用python3 用implala连接hive中遇到的一下问题。其中的报错主要参考了:
https://blog.csdn.net/Xiblade/article/details/82318294
https://blog.csdn.net/wx0628/article/details/86550582
https://blog.csdn.net/woay2008/article/details/79905627
代码很简单:
from impala.dbapi import connect
# 需要注意的是这里的auth_mechanism必须有,但database不必须
conn = connect(host='172.26.xxx.xxx', port=10000 ,auth_mechanism='PLAIN')
cur = conn.cursor()
cur.execute('SHOW DATABASES')
print(cur.fetchall())
cur.execute('SHOW Tables')
print(cur.fetchall())
安装包:
pip install pure-sasl
pip install thrift_sasl==0.2.1 --no-deps
pip install thrift==0.9.3
pip install impyla
1. 安装impla的时候报错
error: Microsoft Visual C++ 14.0 is required.
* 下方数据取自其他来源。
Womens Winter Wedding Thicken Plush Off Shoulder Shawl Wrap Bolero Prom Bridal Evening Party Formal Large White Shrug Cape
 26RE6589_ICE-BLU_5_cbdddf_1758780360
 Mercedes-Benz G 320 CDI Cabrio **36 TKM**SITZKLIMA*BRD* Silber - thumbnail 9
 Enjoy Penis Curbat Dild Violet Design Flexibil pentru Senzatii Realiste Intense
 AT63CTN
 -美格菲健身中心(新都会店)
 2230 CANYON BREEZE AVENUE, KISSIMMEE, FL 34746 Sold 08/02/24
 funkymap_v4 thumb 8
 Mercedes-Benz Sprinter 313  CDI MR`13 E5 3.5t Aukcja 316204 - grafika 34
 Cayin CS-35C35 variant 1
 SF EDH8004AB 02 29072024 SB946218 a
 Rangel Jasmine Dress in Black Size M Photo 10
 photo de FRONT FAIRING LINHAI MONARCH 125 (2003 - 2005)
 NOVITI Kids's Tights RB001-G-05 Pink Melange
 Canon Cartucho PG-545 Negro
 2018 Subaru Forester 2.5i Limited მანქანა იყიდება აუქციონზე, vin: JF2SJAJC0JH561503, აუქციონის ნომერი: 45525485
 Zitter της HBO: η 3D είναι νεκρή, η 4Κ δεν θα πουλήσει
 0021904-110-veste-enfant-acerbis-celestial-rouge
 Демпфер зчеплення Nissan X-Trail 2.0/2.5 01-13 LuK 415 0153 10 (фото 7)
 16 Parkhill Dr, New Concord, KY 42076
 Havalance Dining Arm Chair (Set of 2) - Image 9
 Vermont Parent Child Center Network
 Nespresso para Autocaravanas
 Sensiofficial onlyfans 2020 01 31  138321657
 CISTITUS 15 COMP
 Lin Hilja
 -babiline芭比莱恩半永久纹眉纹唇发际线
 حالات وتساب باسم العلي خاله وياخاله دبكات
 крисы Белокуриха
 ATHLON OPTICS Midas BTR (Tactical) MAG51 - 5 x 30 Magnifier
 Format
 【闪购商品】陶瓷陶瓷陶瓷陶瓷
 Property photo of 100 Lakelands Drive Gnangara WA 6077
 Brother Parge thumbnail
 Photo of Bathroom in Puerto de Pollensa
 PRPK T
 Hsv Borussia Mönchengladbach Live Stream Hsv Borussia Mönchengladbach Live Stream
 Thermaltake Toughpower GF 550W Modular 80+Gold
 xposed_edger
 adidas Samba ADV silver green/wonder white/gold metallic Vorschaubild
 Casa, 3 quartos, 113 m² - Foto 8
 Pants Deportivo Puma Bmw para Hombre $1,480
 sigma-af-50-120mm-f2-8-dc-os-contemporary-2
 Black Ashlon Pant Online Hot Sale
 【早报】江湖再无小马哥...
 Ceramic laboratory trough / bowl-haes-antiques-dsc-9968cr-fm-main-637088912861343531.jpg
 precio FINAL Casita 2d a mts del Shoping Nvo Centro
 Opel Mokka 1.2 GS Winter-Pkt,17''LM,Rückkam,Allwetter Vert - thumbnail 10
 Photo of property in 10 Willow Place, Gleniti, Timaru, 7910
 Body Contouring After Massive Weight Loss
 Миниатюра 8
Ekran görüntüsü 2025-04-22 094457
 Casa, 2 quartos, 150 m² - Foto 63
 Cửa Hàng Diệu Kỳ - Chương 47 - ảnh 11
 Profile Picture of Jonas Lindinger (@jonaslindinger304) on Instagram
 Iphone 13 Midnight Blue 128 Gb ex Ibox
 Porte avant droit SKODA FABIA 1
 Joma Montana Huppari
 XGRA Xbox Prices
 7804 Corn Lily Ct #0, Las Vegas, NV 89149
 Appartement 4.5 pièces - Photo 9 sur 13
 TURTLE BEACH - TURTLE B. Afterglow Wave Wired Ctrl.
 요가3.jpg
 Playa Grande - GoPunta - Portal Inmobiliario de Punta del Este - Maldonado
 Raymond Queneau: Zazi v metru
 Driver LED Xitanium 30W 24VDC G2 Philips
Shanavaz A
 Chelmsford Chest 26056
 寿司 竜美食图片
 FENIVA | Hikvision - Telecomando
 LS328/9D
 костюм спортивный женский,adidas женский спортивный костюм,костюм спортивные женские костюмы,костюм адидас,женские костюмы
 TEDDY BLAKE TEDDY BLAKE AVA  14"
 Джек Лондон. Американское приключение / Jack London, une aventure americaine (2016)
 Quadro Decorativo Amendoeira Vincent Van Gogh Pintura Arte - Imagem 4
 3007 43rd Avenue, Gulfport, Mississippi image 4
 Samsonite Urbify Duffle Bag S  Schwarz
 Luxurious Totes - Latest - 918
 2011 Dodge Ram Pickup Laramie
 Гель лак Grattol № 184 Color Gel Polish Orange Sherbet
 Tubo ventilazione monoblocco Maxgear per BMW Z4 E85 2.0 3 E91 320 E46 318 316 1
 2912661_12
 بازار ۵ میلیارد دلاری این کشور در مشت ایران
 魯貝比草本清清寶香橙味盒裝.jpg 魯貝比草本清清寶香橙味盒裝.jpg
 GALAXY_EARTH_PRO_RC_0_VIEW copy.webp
Get it with "Microsoft Visual C++ Build Tools":
有人说使用二进制包安装 :pip install impyla-0.14.1-py3-none-any.whl ,我试过了不行,依旧报错。
解决办法:
安装Visual Studio 2015(C盘至少需要6G空间!没办法,不得不装)
下载地址在这里
安装界面,只选择”Common Tools for VisualC++2015“。
安装vs后继续安装impala,安装成功:
报错:
ThriftParserError: ThriftPy does not support generating module with path in protocol ‘c’
解决办法:
定位到 \Lib\site-packages\thriftpy\parser\parser.py的
if url_scheme == '':
with open(path) as fh:
data = fh.read()
elif url_scheme in ('http', 'https'):
data = urlopen(path).read()
else:
raise ThriftParserError('ThriftPy does not support generating module '
'with path in protocol \'{}\''.format(
url_scheme))
更改为:
if url_scheme == '':
with open(path) as fh:
data = fh.read()
elif url_scheme in ('c', 'd','e','f''):
with open(path) as fh:
data = fh.read()
elif url_scheme in ('http', 'https'):
data = urlopen(path).read()
else:
raise ThriftParserError('ThriftPy does not support generating module '
'with path in protocol \'{}\''.format(
url_scheme))
报错:
thriftpy.transport.TTransportException: TTransportException(type=1, message="Could not start SASL: b'Error in sasl_client_start (-4) SASL(-4): no mechanism available: Unable to find a callback: 2'")
搞了好久,记得之前安装pyhive也是这个报错。
主要原因其实还是因为sasl和pure-sasl有冲突,这种情况下,直接卸载sasl包就可能了。
解决办法:
pip uninstall SASL
报错:TypeError: can't concat str to bytes
解决办法:
定位到错误的最后一条,在init.py第94行 (注意代码的缩进)
header = struct.pack(">BI", status, len(body))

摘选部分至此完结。